By my estimate, about half of the fiscal adjustment that the ruling party in Barbados has imposed on the people is coming from the five-fold increase in this import levy. Because most of what is consumed in Barbados is imported, that policy measure is likely to mean a significant increase in the island’s cost of living with the burden falling hardest on the middle-income households, which have seen their standard of living deteriorate every year of the last eight.

• New commission on foreign exchange transactions:

Effective July 1, a broad-based foreign exchange commission be charged on all sales of foreign currency at a rate of two per cent, extending all wire transfers, credit card transactions and over-the-counter sales of foreign currencies. The measure is expected to raise B$140 million over a full fiscal year.
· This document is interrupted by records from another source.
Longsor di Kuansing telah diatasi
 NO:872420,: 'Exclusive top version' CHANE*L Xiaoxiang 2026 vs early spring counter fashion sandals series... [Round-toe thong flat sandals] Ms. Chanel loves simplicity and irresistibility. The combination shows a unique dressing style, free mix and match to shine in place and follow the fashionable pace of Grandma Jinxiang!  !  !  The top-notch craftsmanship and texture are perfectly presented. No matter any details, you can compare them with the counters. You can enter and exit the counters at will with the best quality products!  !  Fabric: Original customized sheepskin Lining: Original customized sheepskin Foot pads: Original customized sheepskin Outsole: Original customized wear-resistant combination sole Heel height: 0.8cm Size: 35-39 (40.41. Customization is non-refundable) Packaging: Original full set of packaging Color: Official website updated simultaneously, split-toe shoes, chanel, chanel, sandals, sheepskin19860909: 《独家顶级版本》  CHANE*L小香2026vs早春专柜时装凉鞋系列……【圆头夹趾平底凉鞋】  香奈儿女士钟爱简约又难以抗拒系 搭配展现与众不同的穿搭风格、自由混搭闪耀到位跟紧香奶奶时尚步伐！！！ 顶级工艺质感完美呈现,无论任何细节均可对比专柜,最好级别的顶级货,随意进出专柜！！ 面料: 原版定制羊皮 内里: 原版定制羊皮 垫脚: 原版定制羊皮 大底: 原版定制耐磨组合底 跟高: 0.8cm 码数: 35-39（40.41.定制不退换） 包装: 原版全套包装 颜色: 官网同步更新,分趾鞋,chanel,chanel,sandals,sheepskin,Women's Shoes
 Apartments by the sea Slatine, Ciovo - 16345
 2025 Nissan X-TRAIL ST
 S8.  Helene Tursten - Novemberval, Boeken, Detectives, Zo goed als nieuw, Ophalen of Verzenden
In introducing the new commission on foreign exchange transactions, Mr Sinckler made it clear that the measure was “in an effort to signal the need to reduce the demand for consumption goods,” adding that “more has to be done to stem the demand for foreign exchange, particularly the demand for consumer durables.”

• Increase excise on gasoline and diesel: Effective June 1 (today), Barbadians will have to pay an additional B$0.25 per litre, which takes the excise from B$0.74 to B$0.99 and on diesel by B$0.24 from B40.20 to B$0.44. The Barbadian finance minister said of the fuel excise: Given the continued relatively subdued levels of price increases for both the world oil and imported refined products, we have determined that an increased excise would be useful in assisting government to meet its deficit reduction targets without placing undue burden on Barbadians;

• Debt reprofiling:

The minister of finance envisages that the government would save in the region of B$70 million in interest expense if the Central Bank of Barbados and the island’s National Insurance Scheme engaged in “discussions for a possible swap programme where they and government can reissue some existing securities in their portfolios at lower interest rates agreed by the parties.”

• Increasing the tax net:

The Barbados Revenue Authority (BRA) will establish a special task force to establish a national tax administration registration initiative, aimed at ensuring that all of those persons who are operating businesses, are self-employed, sole trader or professionals and artisans are registered with the BRA.

• Divestment of the Hilton Hotel at Needham’s Point which is currently held under the portfolio of the Needham’s Point Holdings Ltd, which has been valued at US$100 million (B$200 million) with the minister hoping to receive US$50 million net of debt.

Why has the Barbadian minister of finance adopted such a hostile approach to the cost of living in the country, by increasing an import tariff by a factor of five, imposing a new foreign exchange tax and increasing the duty on gasoline and diesel?

My own view is that these measures are meant to reduce the demand for foreign exchange, while raising some revenue, which would help Barbados close the gap between expenditure and revenue.

On the other hand, if everything becomes more expensive, it probably means that fewer goods would be traded in Barbados and there would be a reduction in the amount of goods the island imports.

But most of all, the 2017 budget measures are meant to ensure that Mr Sinckler can keep his promise to the Barbadian people not to interfere with the value of their currency, even though by the new taxes achieve the same end of reducing the value of workers’ salaries and savings.

Will Mr Imbert be tempted to go in the direction of sharply increasing consumption taxes on the T&T population as a means of avoiding correcting this country’s grossly overvalued exchange rate?

As Mr Imbert made clear in his mid-term budget presentation last month, he is just as stout in his defense of the exchange rate as the Barbadians: “With respect to the exchange rate, we have also made it clear that we will work in tandem with the Central Bank to ensure that there is an orderly and stable exchange rate regime, based on foreign exchange inflows and the demand for foreign exchange, with a suitable focus on the facilitation of exports. There will be no drastic or sudden depreciation of the currency.”

If he is defending the currency, does he have any choice but to ensure there is no fiscal deficit?